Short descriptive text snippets

§ §

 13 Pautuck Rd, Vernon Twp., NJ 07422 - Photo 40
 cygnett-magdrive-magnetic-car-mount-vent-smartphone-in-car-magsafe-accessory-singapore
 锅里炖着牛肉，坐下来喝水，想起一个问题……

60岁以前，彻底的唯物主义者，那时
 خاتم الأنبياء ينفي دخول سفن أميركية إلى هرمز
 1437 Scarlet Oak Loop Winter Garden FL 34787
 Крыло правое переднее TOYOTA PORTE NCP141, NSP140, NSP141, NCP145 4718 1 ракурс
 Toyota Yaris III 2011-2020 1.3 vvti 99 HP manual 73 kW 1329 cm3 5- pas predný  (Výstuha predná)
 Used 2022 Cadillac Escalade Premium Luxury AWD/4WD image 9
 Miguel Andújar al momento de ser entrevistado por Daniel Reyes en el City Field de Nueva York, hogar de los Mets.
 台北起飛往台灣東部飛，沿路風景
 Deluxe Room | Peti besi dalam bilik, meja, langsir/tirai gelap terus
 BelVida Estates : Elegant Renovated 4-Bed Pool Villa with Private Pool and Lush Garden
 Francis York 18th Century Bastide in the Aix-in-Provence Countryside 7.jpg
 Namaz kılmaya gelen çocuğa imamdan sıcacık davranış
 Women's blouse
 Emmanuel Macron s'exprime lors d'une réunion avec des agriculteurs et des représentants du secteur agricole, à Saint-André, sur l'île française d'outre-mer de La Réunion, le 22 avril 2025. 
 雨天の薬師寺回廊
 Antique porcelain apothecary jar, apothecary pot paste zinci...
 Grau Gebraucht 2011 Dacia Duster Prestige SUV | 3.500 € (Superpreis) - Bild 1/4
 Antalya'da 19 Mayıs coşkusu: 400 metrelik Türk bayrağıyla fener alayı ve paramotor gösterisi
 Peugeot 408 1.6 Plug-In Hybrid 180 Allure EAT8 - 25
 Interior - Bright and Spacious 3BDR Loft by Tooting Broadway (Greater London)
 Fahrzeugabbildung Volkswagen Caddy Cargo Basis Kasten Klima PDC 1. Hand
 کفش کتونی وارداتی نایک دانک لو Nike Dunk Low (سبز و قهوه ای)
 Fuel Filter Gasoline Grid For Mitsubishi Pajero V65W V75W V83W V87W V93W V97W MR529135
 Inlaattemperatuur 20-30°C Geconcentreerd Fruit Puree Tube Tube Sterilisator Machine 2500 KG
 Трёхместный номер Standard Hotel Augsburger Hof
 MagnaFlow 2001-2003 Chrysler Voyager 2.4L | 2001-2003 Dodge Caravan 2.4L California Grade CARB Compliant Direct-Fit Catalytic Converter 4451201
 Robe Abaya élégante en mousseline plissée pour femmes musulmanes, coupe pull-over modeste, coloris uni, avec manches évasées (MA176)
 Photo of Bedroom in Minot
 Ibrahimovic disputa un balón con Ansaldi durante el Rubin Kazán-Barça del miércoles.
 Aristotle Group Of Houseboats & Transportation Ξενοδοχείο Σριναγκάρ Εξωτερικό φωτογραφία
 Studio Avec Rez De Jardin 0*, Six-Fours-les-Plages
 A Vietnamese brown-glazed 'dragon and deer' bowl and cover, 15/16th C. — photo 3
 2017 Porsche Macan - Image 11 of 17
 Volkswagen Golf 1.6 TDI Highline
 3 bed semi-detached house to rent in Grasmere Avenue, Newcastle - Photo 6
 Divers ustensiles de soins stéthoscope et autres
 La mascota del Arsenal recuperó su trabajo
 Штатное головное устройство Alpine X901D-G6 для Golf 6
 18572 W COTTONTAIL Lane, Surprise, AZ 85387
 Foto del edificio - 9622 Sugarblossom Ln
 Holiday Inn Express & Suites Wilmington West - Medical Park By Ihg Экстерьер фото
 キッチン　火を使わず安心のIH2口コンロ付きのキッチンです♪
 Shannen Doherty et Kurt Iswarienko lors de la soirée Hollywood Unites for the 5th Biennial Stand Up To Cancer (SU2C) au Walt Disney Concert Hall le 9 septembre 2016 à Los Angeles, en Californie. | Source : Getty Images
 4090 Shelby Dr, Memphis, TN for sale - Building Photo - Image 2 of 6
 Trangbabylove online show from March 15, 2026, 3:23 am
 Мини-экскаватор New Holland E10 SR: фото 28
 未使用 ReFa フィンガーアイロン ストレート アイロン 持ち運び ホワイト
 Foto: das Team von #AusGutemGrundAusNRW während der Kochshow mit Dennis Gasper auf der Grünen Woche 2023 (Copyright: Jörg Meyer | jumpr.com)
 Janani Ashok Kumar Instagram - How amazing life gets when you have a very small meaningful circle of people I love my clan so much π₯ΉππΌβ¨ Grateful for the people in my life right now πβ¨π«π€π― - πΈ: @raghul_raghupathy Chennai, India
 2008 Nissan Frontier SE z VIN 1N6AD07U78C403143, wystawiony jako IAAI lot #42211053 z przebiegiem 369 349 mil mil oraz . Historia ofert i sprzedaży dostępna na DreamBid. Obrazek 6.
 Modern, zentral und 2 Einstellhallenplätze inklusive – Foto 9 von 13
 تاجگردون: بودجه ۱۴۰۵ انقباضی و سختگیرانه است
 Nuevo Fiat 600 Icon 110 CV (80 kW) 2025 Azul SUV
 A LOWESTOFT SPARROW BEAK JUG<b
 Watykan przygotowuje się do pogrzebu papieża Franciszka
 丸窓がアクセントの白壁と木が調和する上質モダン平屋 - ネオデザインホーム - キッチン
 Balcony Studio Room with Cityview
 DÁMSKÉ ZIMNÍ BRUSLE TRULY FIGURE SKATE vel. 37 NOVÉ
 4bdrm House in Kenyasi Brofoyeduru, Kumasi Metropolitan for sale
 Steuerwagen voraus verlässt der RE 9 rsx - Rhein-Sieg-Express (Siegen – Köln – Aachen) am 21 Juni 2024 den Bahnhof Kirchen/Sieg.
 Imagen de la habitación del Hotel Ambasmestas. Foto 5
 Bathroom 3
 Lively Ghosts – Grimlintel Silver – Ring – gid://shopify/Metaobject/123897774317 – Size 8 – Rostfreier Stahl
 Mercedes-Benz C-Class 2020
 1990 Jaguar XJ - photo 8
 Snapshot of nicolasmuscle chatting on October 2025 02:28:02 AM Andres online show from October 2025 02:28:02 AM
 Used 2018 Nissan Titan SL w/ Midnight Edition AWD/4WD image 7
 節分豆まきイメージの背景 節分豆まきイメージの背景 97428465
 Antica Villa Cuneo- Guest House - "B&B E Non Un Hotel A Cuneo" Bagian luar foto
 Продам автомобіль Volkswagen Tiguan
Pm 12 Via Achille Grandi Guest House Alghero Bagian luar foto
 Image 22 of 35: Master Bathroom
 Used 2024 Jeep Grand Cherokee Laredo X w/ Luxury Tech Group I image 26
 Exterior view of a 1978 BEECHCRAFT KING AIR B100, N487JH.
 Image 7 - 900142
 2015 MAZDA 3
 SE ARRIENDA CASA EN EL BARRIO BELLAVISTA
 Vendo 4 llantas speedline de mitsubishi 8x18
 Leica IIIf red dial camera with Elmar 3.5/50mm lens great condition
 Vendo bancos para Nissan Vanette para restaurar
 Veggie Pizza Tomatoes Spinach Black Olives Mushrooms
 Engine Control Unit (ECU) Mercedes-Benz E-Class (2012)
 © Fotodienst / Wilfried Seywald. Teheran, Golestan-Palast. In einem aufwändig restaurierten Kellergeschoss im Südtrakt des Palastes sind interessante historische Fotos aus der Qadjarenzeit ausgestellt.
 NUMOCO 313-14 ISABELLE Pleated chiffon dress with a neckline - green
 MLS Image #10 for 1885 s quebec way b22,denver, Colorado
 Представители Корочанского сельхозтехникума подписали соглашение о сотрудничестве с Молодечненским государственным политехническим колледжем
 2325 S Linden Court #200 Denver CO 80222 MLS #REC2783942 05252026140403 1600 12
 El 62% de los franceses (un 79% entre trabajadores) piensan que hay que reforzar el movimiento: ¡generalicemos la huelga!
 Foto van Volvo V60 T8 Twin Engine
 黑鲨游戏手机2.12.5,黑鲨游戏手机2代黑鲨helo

§ §

### What you are asked to do
Print the records above verbatim from their first line to the line containing "Ibrahimovic disputa un", both included, and stop there.

### Written solution
 13 Pautuck Rd, Vernon Twp., NJ 07422 - Photo 40
 cygnett-magdrive-magnetic-car-mount-vent-smartphone-in-car-magsafe-accessory-singapore
 锅里炖着牛肉，坐下来喝水，想起一个问题……

60岁以前，彻底的唯物主义者，那时
 خاتم الأنبياء ينفي دخول سفن أميركية إلى هرمز
 1437 Scarlet Oak Loop Winter Garden FL 34787
 Крыло правое переднее TOYOTA PORTE NCP141, NSP140, NSP141, NCP145 4718 1 ракурс
 Toyota Yaris III 2011-2020 1.3 vvti 99 HP manual 73 kW 1329 cm3 5- pas predný  (Výstuha predná)
 Used 2022 Cadillac Escalade Premium Luxury AWD/4WD image 9
 Miguel Andújar al momento de ser entrevistado por Daniel Reyes en el City Field de Nueva York, hogar de los Mets.
 台北起飛往台灣東部飛，沿路風景
 Deluxe Room | Peti besi dalam bilik, meja, langsir/tirai gelap terus
 BelVida Estates : Elegant Renovated 4-Bed Pool Villa with Private Pool and Lush Garden
 Francis York 18th Century Bastide in the Aix-in-Provence Countryside 7.jpg
 Namaz kılmaya gelen çocuğa imamdan sıcacık davranış
 Women's blouse
 Emmanuel Macron s'exprime lors d'une réunion avec des agriculteurs et des représentants du secteur agricole, à Saint-André, sur l'île française d'outre-mer de La Réunion, le 22 avril 2025. 
 雨天の薬師寺回廊
 Antique porcelain apothecary jar, apothecary pot paste zinci...
 Grau Gebraucht 2011 Dacia Duster Prestige SUV | 3.500 € (Superpreis) - Bild 1/4
 Antalya'da 19 Mayıs coşkusu: 400 metrelik Türk bayrağıyla fener alayı ve paramotor gösterisi
 Peugeot 408 1.6 Plug-In Hybrid 180 Allure EAT8 - 25
 Interior - Bright and Spacious 3BDR Loft by Tooting Broadway (Greater London)
 Fahrzeugabbildung Volkswagen Caddy Cargo Basis Kasten Klima PDC 1. Hand
 کفش کتونی وارداتی نایک دانک لو Nike Dunk Low (سبز و قهوه ای)
 Fuel Filter Gasoline Grid For Mitsubishi Pajero V65W V75W V83W V87W V93W V97W MR529135
 Inlaattemperatuur 20-30°C Geconcentreerd Fruit Puree Tube Tube Sterilisator Machine 2500 KG
 Трёхместный номер Standard Hotel Augsburger Hof
 MagnaFlow 2001-2003 Chrysler Voyager 2.4L | 2001-2003 Dodge Caravan 2.4L California Grade CARB Compliant Direct-Fit Catalytic Converter 4451201
 Robe Abaya élégante en mousseline plissée pour femmes musulmanes, coupe pull-over modeste, coloris uni, avec manches évasées (MA176)
 Photo of Bedroom in Minot
 Ibrahimovic disputa un balón con Ansaldi durante el Rubin Kazán-Barça del miércoles.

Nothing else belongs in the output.